Canada is getting six of the older CH-47Ds before the end of the year. This is actually a lease/purchase that will cost about $50 million per helicopter. In support of this, since last March, over a hundred Canadian pilots and maintainers have been training in the United States. Canada has also got on the waiting list for sixteen new CH-47Fs, which they should receive in about five years.

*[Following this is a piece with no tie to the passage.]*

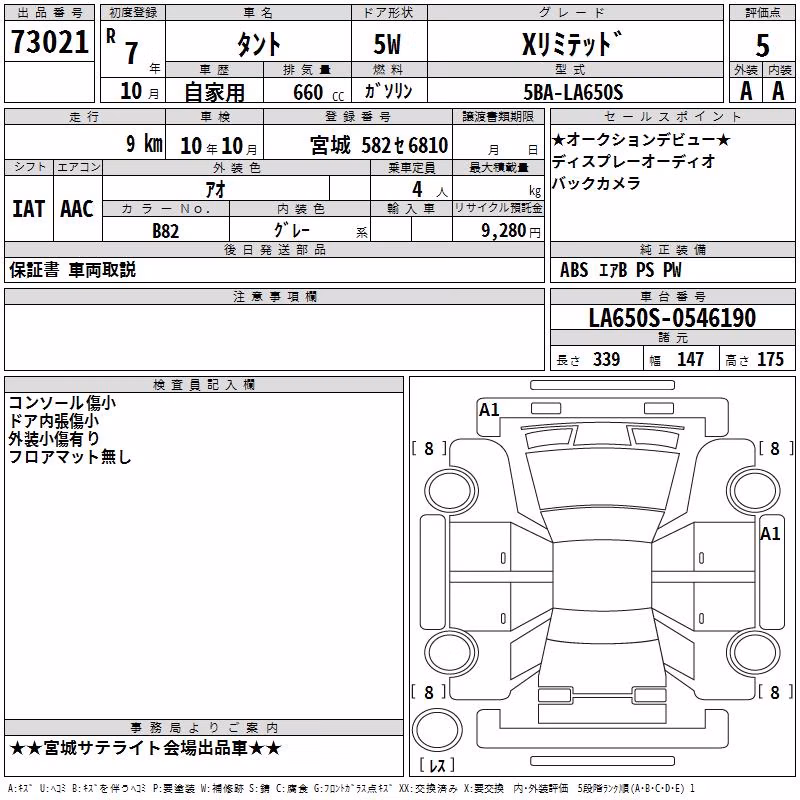 DAIHATSU TANTO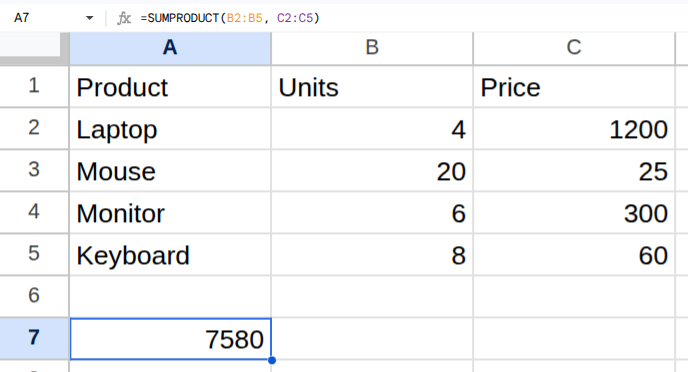 =SUMPRODUCT(B2:B5, C2:C5) running in Google Sheets, returning 7580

The first CH-47s entered service in 1962, able to carry only five tons. Some 750 saw service in Vietnam, and 200 were lost in action. Between 1982-94, 500 CH-47s were rebuilt to the CH-47D standard. SOCOM operates 31 MH-47Ds and Es, which have additional navigation gear. These are being upgraded to MH-47F standards, and the fleet expanded to 61 helicopters. As a result of all this, the CH-47 will end up serving at least 75 years. The CH-47F upgrades and new builds will not be completed until 2018. That means a lot of these helicopters are tied up being rebuilt, while the others are working hard to support troops in Iraq and Afghanistan. Many of these helicopters are then sidelined for extensive maintenance, in order to keep them operational until they can get the CH-47F upgrades done. The Canadian military has , for years,  tried to buy these helicopters, but new CH-47F's cost about $35 million each, and Canadian legislators didn't want to spend a lot of money on new military helicopters, at least not in peacetime. But with 4,000 Canadian troops in Afghanistan (by the end of the year), a new sense of urgency developed.

So in the meantime, Canada has leased eight slightly smaller Mi-8 helicopters from an East European firm arriving in a few months, for one year of service. The leased choppers can only carry freight, except in emergencies, when they can also carry Canadian troops. Britain is under tremendous political and media pressure to do the same.